Quantcast

The DNAinfo archives brought to you by WNYC.
Read the press release here.

Jamaica Will Be Hot Among First-Time Homebuyers, Experts Say

By Ewa Kern-Jedrychowska | December 29, 2014 7:31am | Updated on January 2, 2015 5:15pm
 The median sale price in Jamaica in 2014 was 27 percent lower than the median sale price in Queens.
Jamaica Attracts First-time Homebuyers With Affordable Prices
View Full Caption

QUEENS — Padmini Bisnauth, 48, a single mother of three children, was forced out of her Jamaica apartment earlier this year after 14 years because her landlord needed it for his family.

She decided then it was time to buy her first home, and to buy it in Jamaica.

“Many people are moving in [to the area] and they are making it brighter,” said Bisnauth, a real estate agent at Exit Kingdom Realty. “The value [of homes] goes up so it’s a good investment for me."

In July, she bought a single-family detached home on 148th Street, near 116th Street, for $330,000, she said. Renting a new apartment would cost nearly as much as her $2,300 monthly mortgage payment.

Bisnauth is among a growing group of first-time homebuyers looking in Jamaica, because it offers more affordable prices than other parts of the city.

StreetEasy, a real estate website that tracks home prices in the city, projected Jamaica to be one of the five “hottest” neighborhoods in the city among renters and buyers next year.

“Its median sale price in 2014 was nearly 27 percent below that of Queens, making it a particularly attractive market for first-time homebuyers,” said Alan Lightfeldt, data scientist at StreetEasy.

The median sale price in Queens in 2014 was $400,515, according to StreetEasy. In Jamaica, it was $292,662.

“So much of inventory in Manhattan and Brooklyn is priced well above that,” Lightfeldt said, adding that the median sale price in Manhattan in 2014 was roughly $800,000.

Bisnauth said for a similar house in Richmond Hill she would have to pay at least $375,000. In Forest Hills, the cost would have been at least $600,000.

Vincent Koo of Exit Kingdom Realty said a large number of Jamaica homeowners were forced into foreclosure or had to sell their properties at a significant loss.

Many of those houses, Koo said, were later purchased by investors, who renovated them and put them back on the market.

“They would buy [homes] at a discount, they would spend money on improving the property and now what you have is a neighborhood full of renovated homes for these first-time homebuyers,” Koo said.

Bisnauth said her house, which features three bedrooms, a living room and dining area, an attic and basement, as well as a back porch, was also fully renovated when she bought it.

Isa Abdur-Rahman, a Jamaica-based real estate attorney, said Southeast Queens also attracts buyers who might be drawn to Long Island but are enticed by the city's lower real estate taxes.

In Jamaica, he said, taxes for a single-family home average about $3,000 a year — a third of what one would pay on Long Island.

Abdur-Rahman said he believes that next year, home-seekers interested in Jamaica will focus mainly on homes near the subway lines, particularly along the F line, which also serves Jamaica Estates and Hollis.

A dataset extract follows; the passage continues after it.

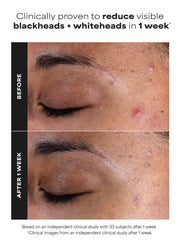 Travel Size 2% BHA Liquid Exfoliant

“Its close proximity to four New York subway lines as well as the Long Island Rail Road … makes it accessible to job centers in New York and Long Island,” Lightfeldt said.

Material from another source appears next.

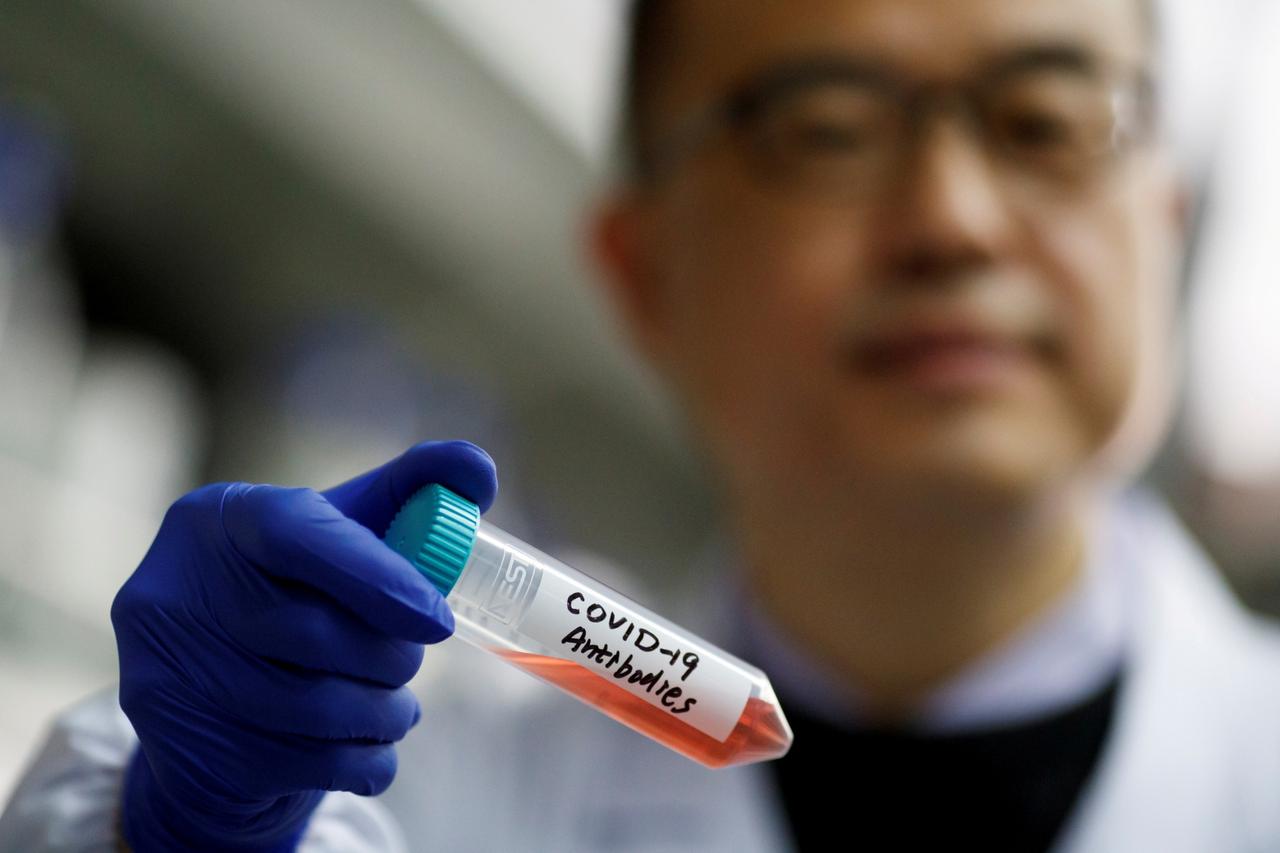FILE PHOTO: Scientist Linqi Zhang shows a tube with a solution containing COVID-19 antibodies in his lab he works on research into novel coronavirus disease (COVID-19) antibodies for possible use in a drug at Tsinghua University in Beijing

In recent years, Jamaica has been undergoing numerous changes. Following the opening of JFK’s AirTrain in 2003 and the area's 2007 rezoning, new housing developments and hotels have started to pop up around the neighborhood.

But there are still negative perceptions about crime, experts say. But NYPD statistics show overall crime continues to decrease in Jamaica. 

Abdur-Rahman said he believes Jamaica will follow the trend set by Harlem and Bedford-Stuyvesant.

Those neighborhoods, he said, had also struggled with similarly unfavorable perceptions, but “have [recently] exploded in terms of popularity."